(Description of the task): Each record below is to be output unchanged, and any picture is to be dropped.

------------

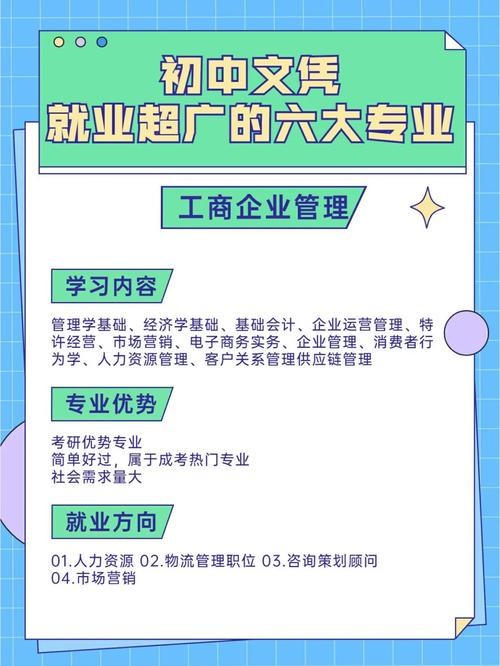 什么工作不用学历 什么工作不用学历还有双休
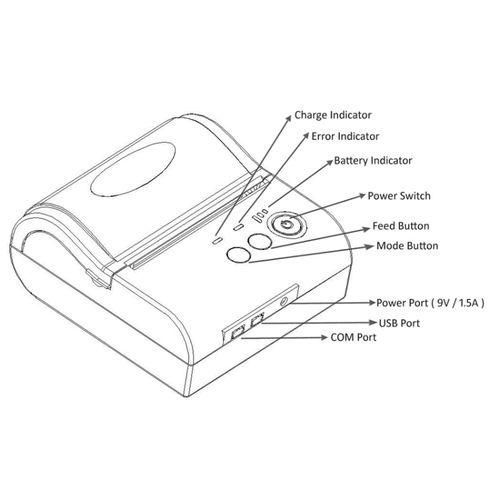 POS8001LD Portable Bluetooth Thermal Receipt Printer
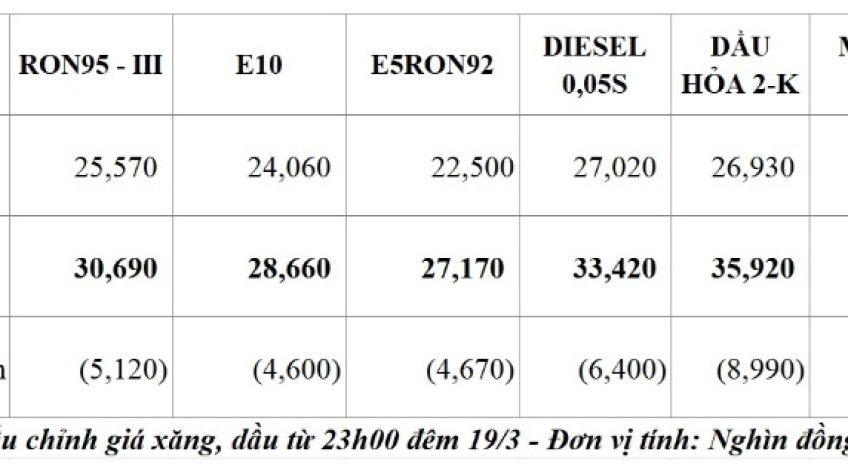 Giá xăng dầu mới nhất: Đồng loạt tăng mạnh, RON95-III lên 30.690 đồng/lít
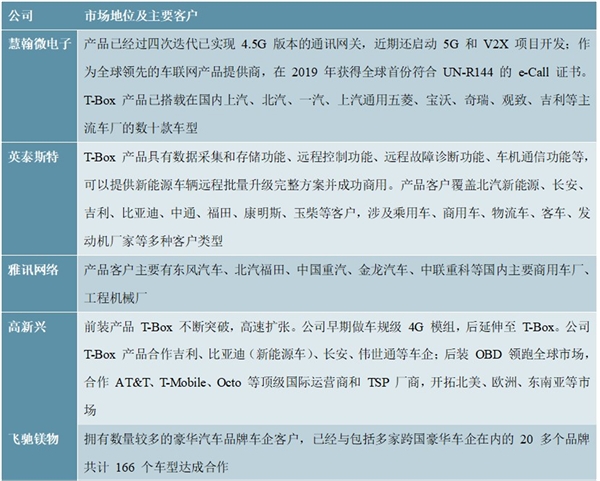 2020智能驾驶行业市场竞争格局分析，细分领域格局相对清晰，主要企业有望受益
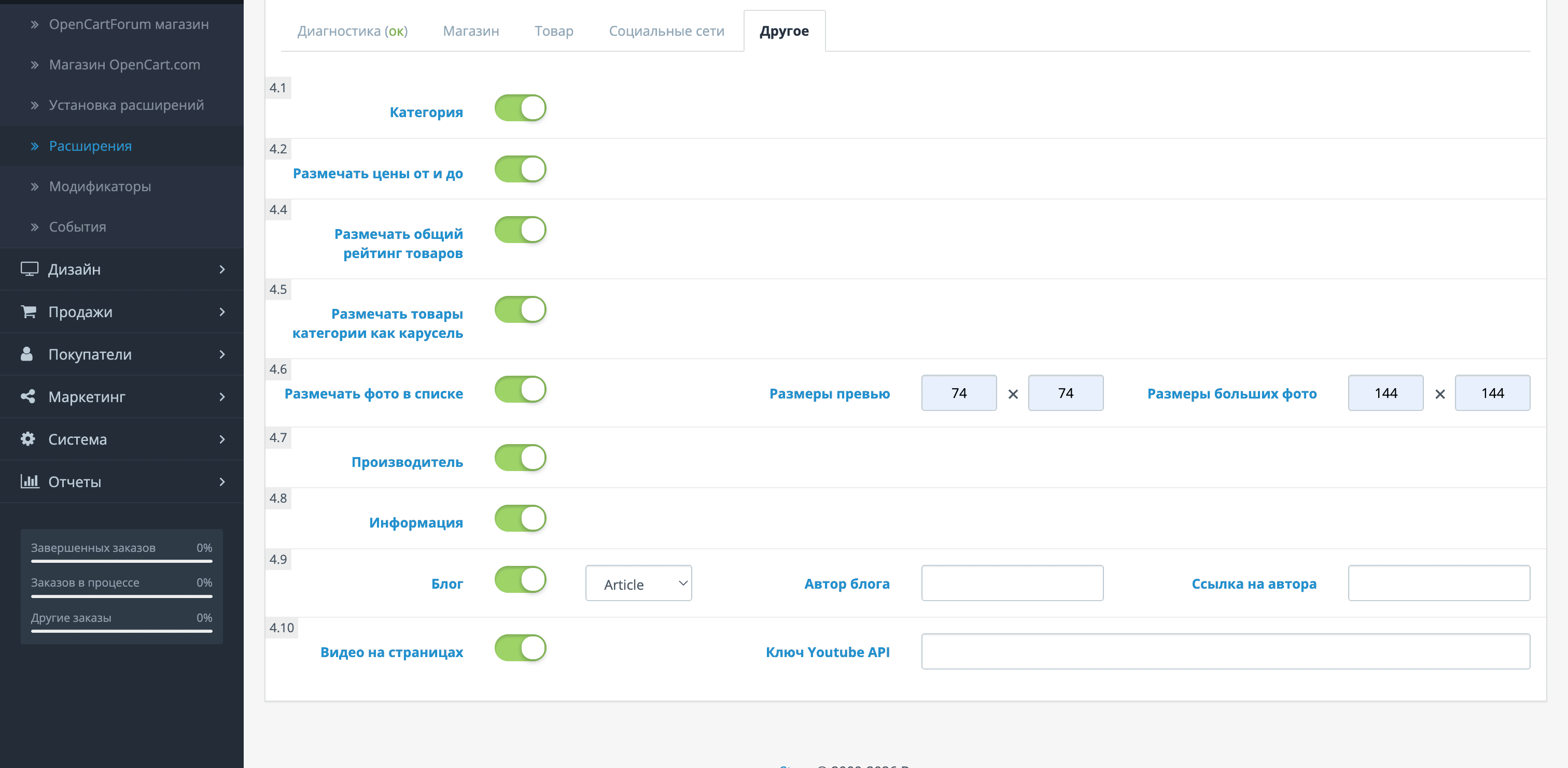 Мікророзмітка сайту (JSON + Schema.org + Open Graph) для OpenCart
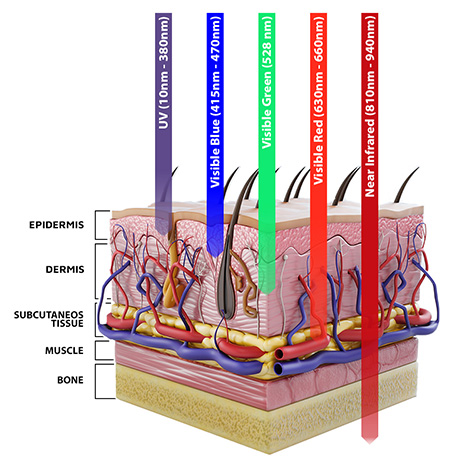 Photobiomodulation Treatment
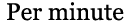 minutely.png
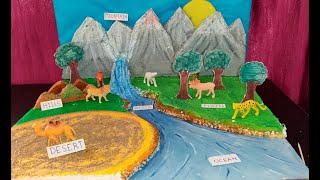 Landforms of earth - project model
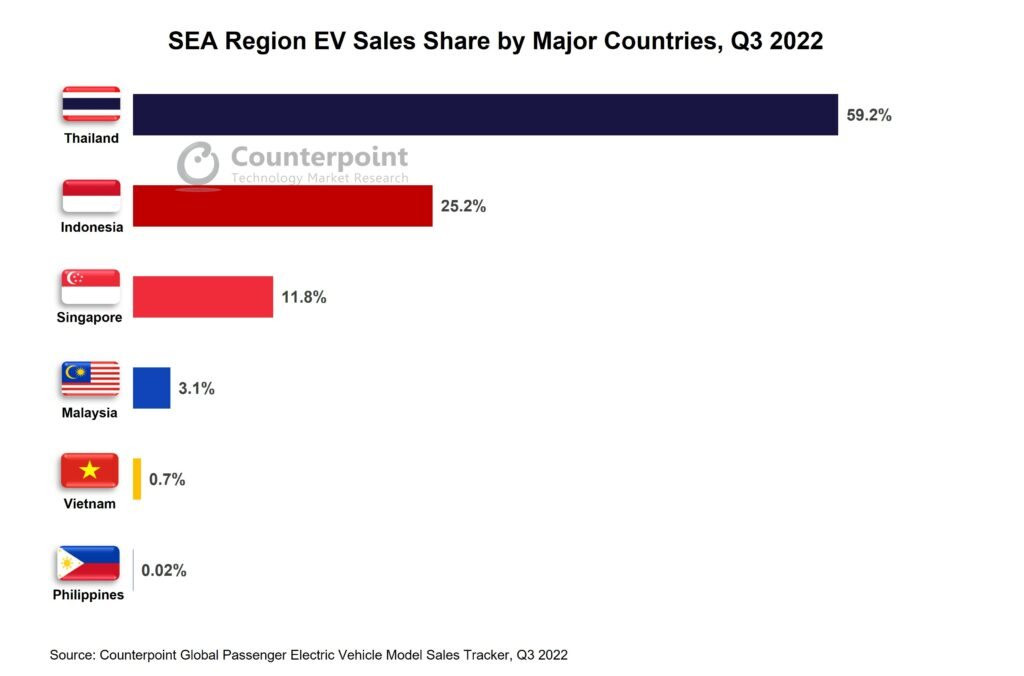 sea-country-ev-sales-share-q3-2022_counterpoint-1024x676.jpg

------------

(Solution to this exercise):
 什么工作不用学历 什么工作不用学历还有双休
 POS8001LD Portable Bluetooth Thermal Receipt Printer
 Giá xăng dầu mới nhất: Đồng loạt tăng mạnh, RON95-III lên 30.690 đồng/lít
 2020智能驾驶行业市场竞争格局分析，细分领域格局相对清晰，主要企业有望受益
 Мікророзмітка сайту (JSON + Schema.org + Open Graph) для OpenCart
 Photobiomodulation Treatment
 minutely.png
 Landforms of earth - project model
 sea-country-ev-sales-share-q3-2022_counterpoint-1024x676.jpg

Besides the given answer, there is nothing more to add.